Simitçinin dönüşü

Akif Emre

Ramazan geçti. Uzun bayram tatilinden sonraki ilk pazartesi işyerine gelirken kafamda tek soru işareti vardı: Simitçi dönmüş müydü? Yoksa yazdıklarım muhayyel bir zamanda muhayyel bir simitçinin paradigmaya kafa tutmasının öyküsü müydü? Belki de öyleydi. Hakkında yazılanlardan habersiz hatta bayram sonrası “o simitçiden simit almak” isteyen okuyucuların merakından habersiz her zamanki köşesine gelecek miydi?
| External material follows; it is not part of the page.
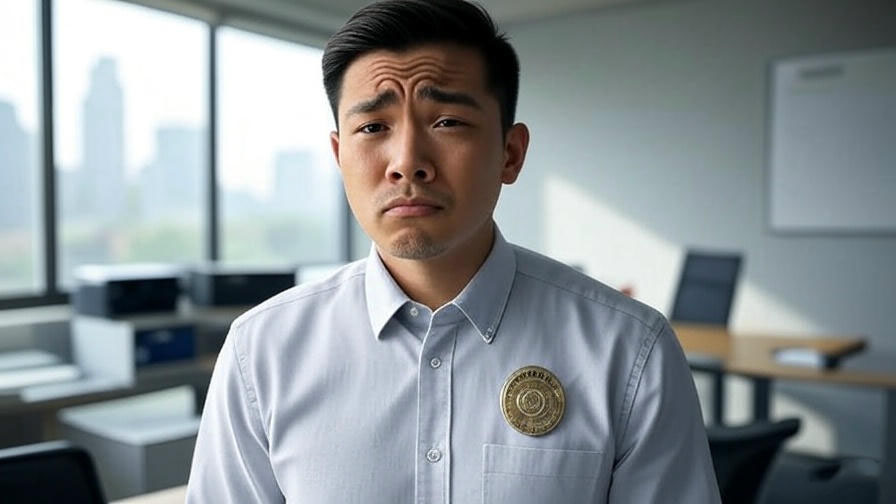 Office worker with badge.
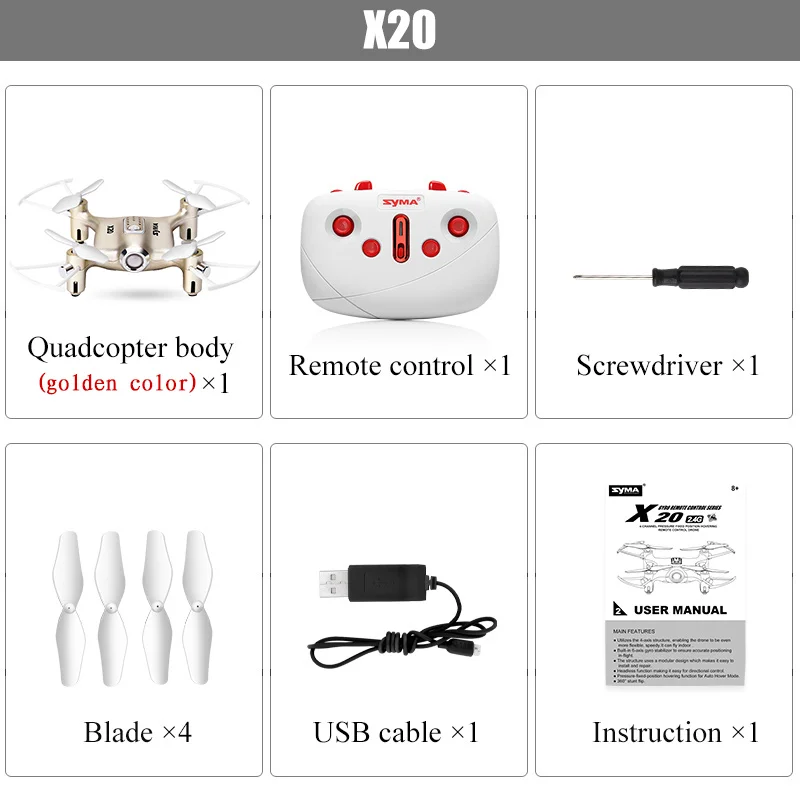 SYMA X20 RC Мини Drone квадрокоптер Quadcopter Вертолет Дрон 360 градусов подвижного headless режим парение Функция дроны Игрушечные лошадки для Обувь для мальчиков - Цвет: X20 Gold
Yoksa tesadüfen Ramazan başından itibaren iş değiştiren, başka yere taşınan biriydi de bunca anlamı biz mi yüklemiştik?

Caddeden karşıya geçtiğimde görüş mesafesine girdiği anda kırmızı simit tezgahını gördüm ilkin. Doğrusu rahat bir nefes aldım. Ramazan'da bilerek isteyerek satış yapmamıştı. Bu kez ayakta, sırtını tezgaha dönmüş olarak sürekli müşterilerini karşılayan işyeri sahibi gibi duruyordu. Yüzündeki mahcup gülümseme eksilmeden…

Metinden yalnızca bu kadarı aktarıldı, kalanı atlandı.